There have definitely been signs for the last 2 seasons of a slight decline in performance levels. Thinking back to 2008 and the Champions league semi final against Barcelona, there haven’t been many, if any, better defensive performances by an individual. Rio Ferdinand stood strong to an onslaught of attacking talent which included Henry, Eto'o and Messi. All this achieved without his partner in crime, Nemanja Vidic. Rio Ferdinand supported and marshaled the less experienced defenders supporting him in the team. He was the leader amongst the team that night, and Man United did not concede a goal against Barcelona over both matches that season. They would go on to lift the champion’s league trophy in Moscow in an enthralling match with Chelsea.
Rio Ferdinand had matured into the best defender on the planet, and had the biggest trophy in club football as a reward. Now, think of his performances over the last year or so. The sluggishness against Basle and the missed header that presented Crouch with a chance to score against Stoke are just two incidents that come to mind. The pace, timing and movement seems to be worryingly on the wane.
Of course there have been injuries.
There has been the chronic back problem which has troubled Ferdinand for the last three years. This had led to niggling calf, hamstring and groin injuries on top of back problems. They have taken their toll, and it’s no surprise that Rio’s body is not the finely tuned machine it once was. Missing so many matches also leads to rustiness and a lack of sharpness. However, it also leads to other players filling in, and the problem Rio now has is these players are performing exceptionally well.

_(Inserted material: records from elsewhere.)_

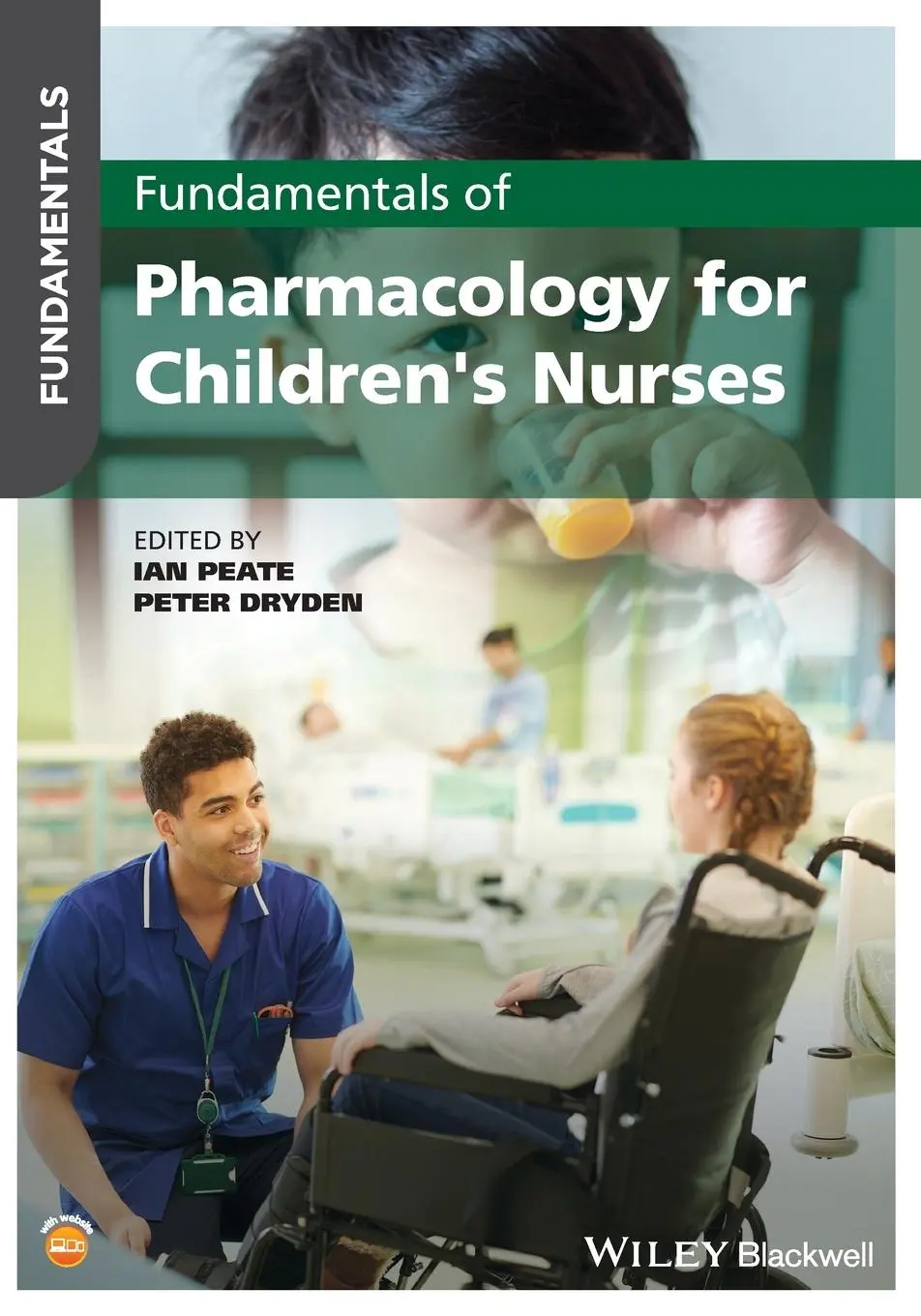 Cover: 9781119633211 | Fundamentals of Pharmacology for Children's Nurses | Ian Peate (u. a.)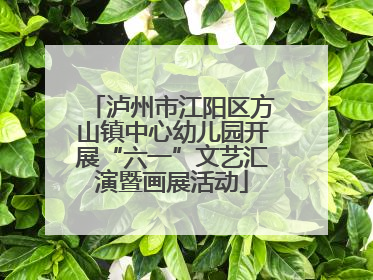 泸州市江阳区方山镇中心幼儿园开展“六一”文艺汇演暨画展活动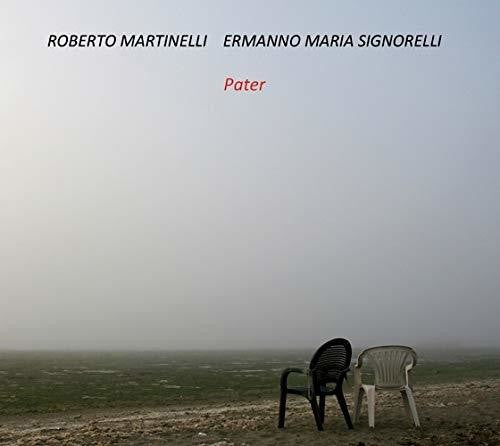 Martinelli, Roberto / Signorell, Iermanno Maria: Pater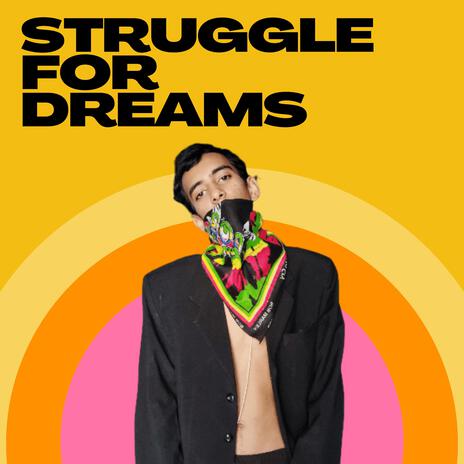 Struggle for dreams | Boomplay Music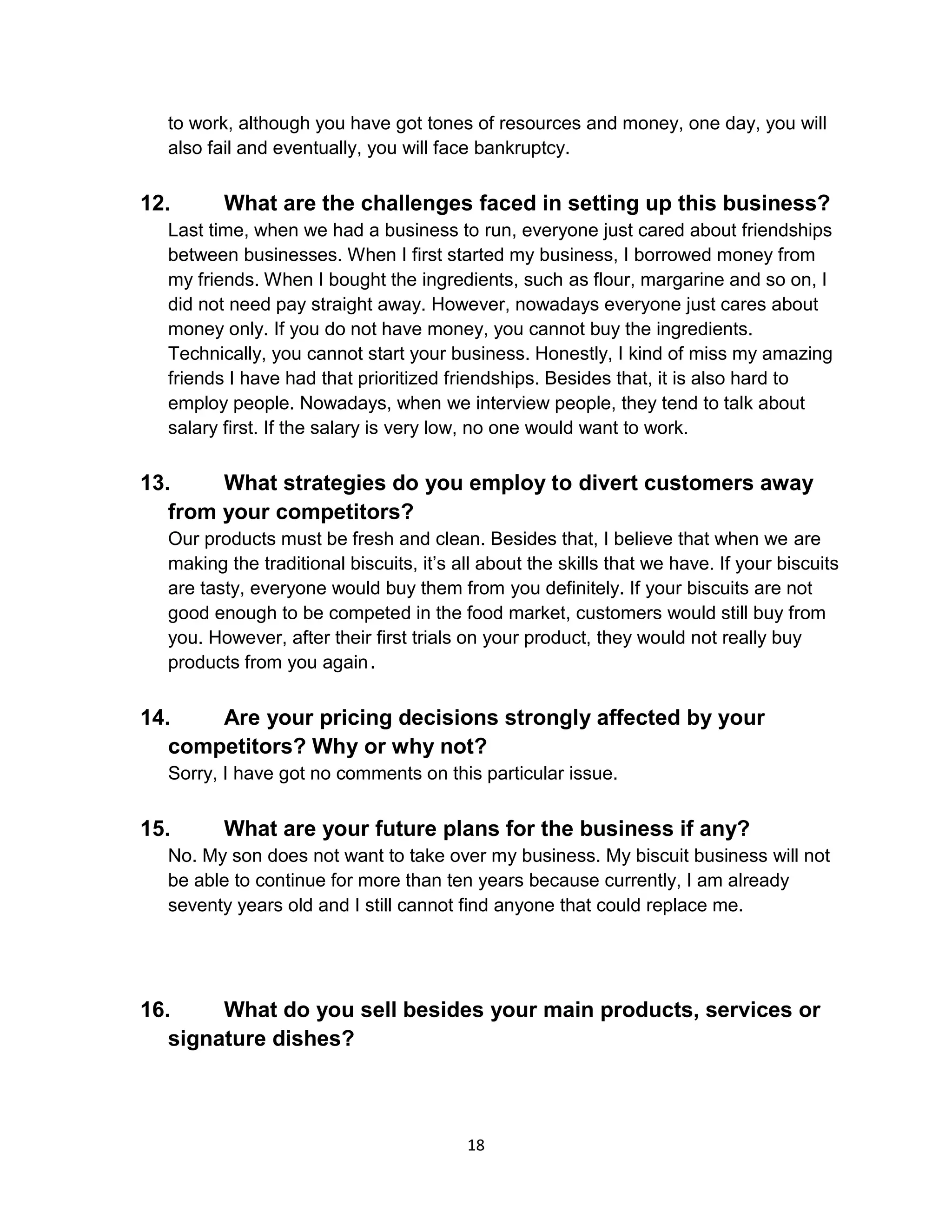 18
to work, although you have got tones of resources and money, one day, you will
also fail and eventually, you will face bankruptcy.
12. What are the challenges faced in setting up this business?
Last time, when we had a business to run, everyone just cared about friendships
between businesses. When I first started my business, I borrowed money from
my friends. When I bought the ingredients, such as flour, margarine and so on, I
did not need pay straight away. However, nowadays everyone just cares about
money only. If you do not have money, you cannot buy the ingredients.
Technically, you cannot start your business. Honestly, I kind of miss my amazing
friends I have had that prioritized friendships. Besides that, it is also hard to
employ people. Nowadays, when we interview people, they tend to talk about
salary first. If the salary is very low, no one would want to work.
13. What strategies do you employ to divert customers away
from your competitors?
Our products must be fresh and clean. Besides that, I believe that when we are
making the traditional biscuits, it’s all about the skills that we have. If your biscuits
are tasty, everyone would buy them from you definitely. If your biscuits are not
good enough to be competed in the food market, customers would still buy from
you. However, after their first trials on your product, they would not really buy
products from you again.
14. Are your pricing decisions strongly affected by your
competitors? Why or why not?
Sorry, I have got no comments on this particular issue.
15. What are your future plans for the business if any?
No. My son does not want to take over my business. My biscuit business will not
be able to continue for more than ten years because currently, I am already
seventy years old and I still cannot find anyone that could replace me.
16. What do you sell besides your main products, services or
signature dishes?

The emergence of Phil Jones, Chris Smalling and the re-emergence of Jonny Evans puts into doubt if Rio Ferdinand is even considered first choice anymore. He recently lost his place in the England squad where, again, Jones and Smalling have recently impressed in their performances. With Nemanja Vidic looking to come back shortly into the team, Rio Ferdinand, for the first time in his Manchester United career, cannot be sure if he will be the preferred partner.
Chris Smalling proved his worth last season in some excellent displays at centre back. Phil Jones has been compared to the late and great Duncan Edwards, which, according to Bobby Charlton, is the biggest compliment one can bestow on a player! Of course, there is also Jonny Evans, who has seemed to put last season's disappointing performances behind him, and has played every match this season when he has been fit.
Rio Ferdinand understands that his time is not going to last forever, especially at a club as large and successful as Man United. He has seen the likes of Keane, Neville, Scholes and Ronaldo retire or move on. He has seen new players take their place and the club is still winning trophies. Great players come and go, the wheel keeps turning. Reputations don’t earn you a place in the team, performances do. That’s how a team stays successful, that’s how a team stays hungry.
Five league titles, one champion’s league, one FA cup, one world club cup and three league cups is an impressive haul for any player to have in their career.
No matter what happens in the future, Rio Ferdinand can be proud of his achievements and will go down as one of the great defenders of his generation. I am also sure Rio will not be ready to put his feet up happy with his contribution to Man United and satisfied with his medal collection. That’s not him, that’s not his attitude.
He will want more medals, more trophies and he won’t give up his spot in the team without a fight. However, this is the biggest challenge he has had to face in his career. The influx of quality young players at club and international level has put doubts into his future, but on his day, Rio Ferdinand is still the best centre back in the country. If he finds this form again, then Manchester United and England will both benefit. If he does not, then this could be the end of Rio Ferdinand as we know him.
We will thank him, we will miss him, but great players come and go, the wheel keeps turning.